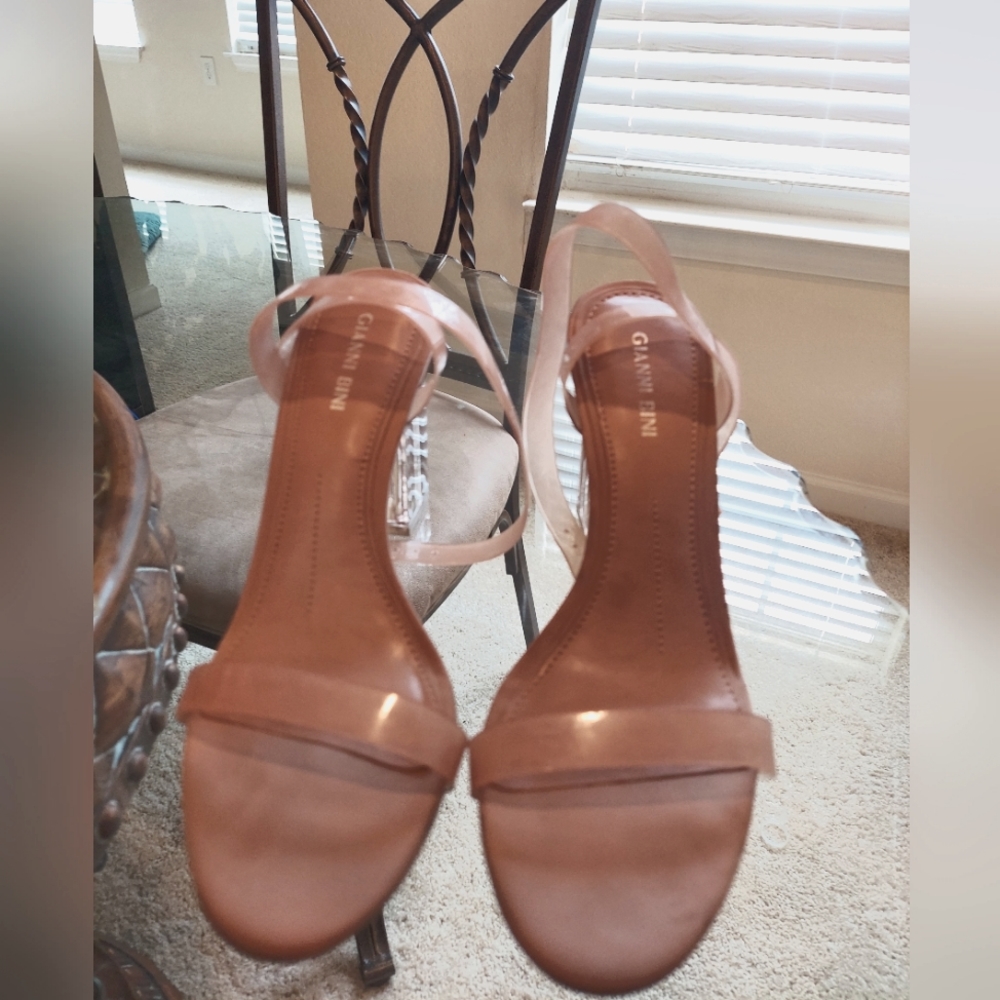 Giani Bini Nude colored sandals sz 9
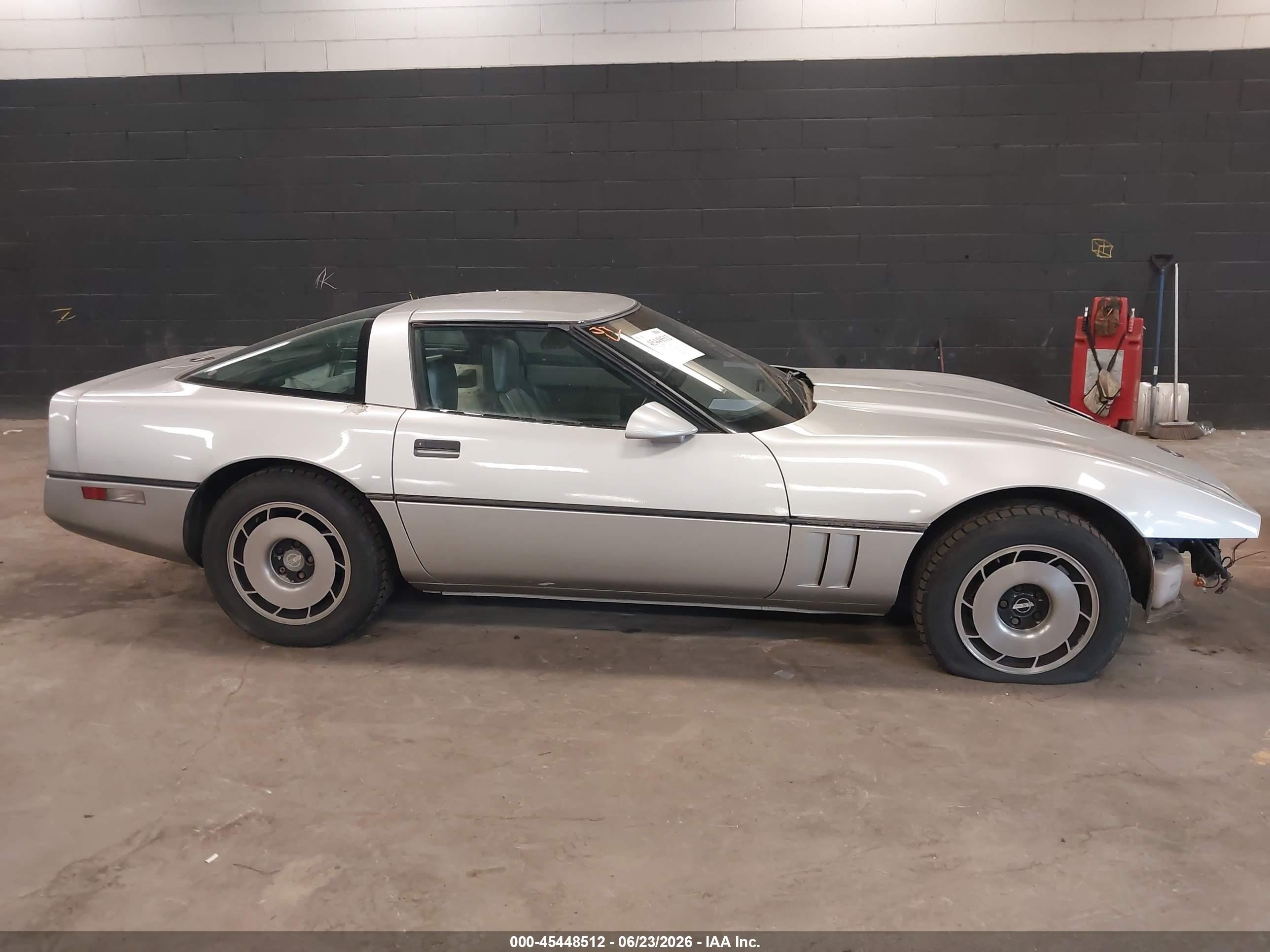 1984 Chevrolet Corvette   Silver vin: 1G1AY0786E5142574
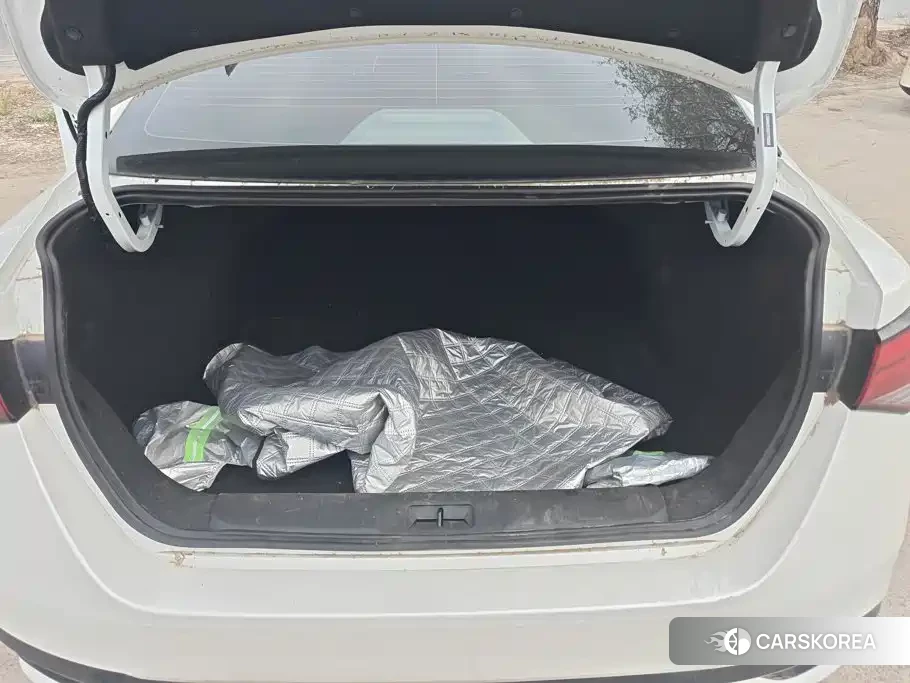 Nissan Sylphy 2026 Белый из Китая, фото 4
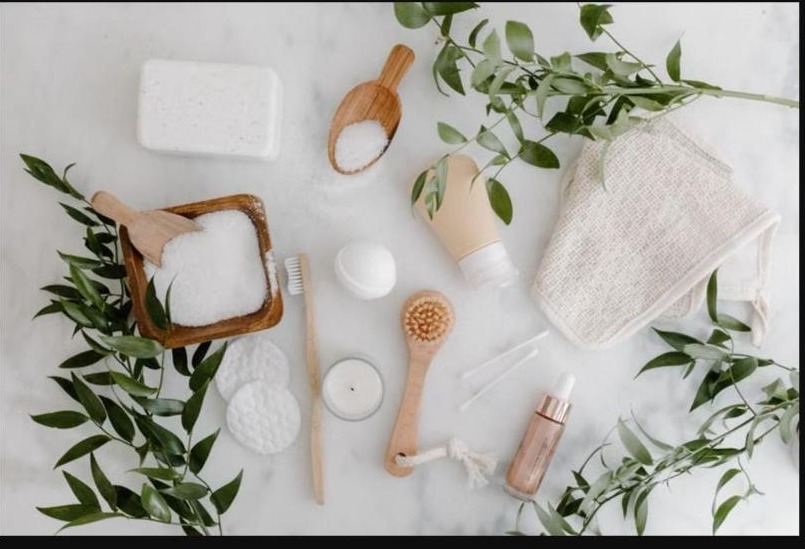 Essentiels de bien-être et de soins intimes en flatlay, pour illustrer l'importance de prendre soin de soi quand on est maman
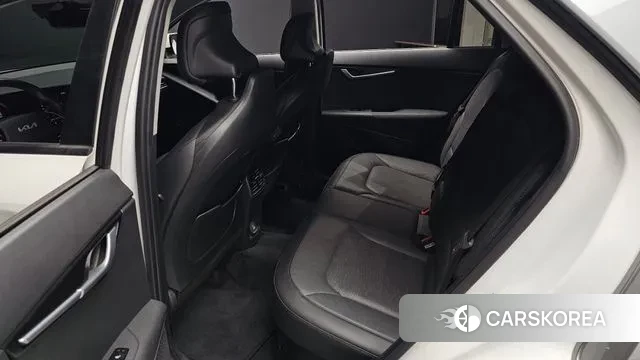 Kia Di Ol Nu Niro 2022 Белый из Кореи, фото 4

#####

## Prompt
Write the material above out again exactly. Omit every image.

## Your response
 Giani Bini Nude colored sandals sz 9
 1984 Chevrolet Corvette   Silver vin: 1G1AY0786E5142574
 Nissan Sylphy 2026 Белый из Китая, фото 4
 Essentiels de bien-être et de soins intimes en flatlay, pour illustrer l'importance de prendre soin de soi quand on est maman
 Kia Di Ol Nu Niro 2022 Белый из Кореи, фото 4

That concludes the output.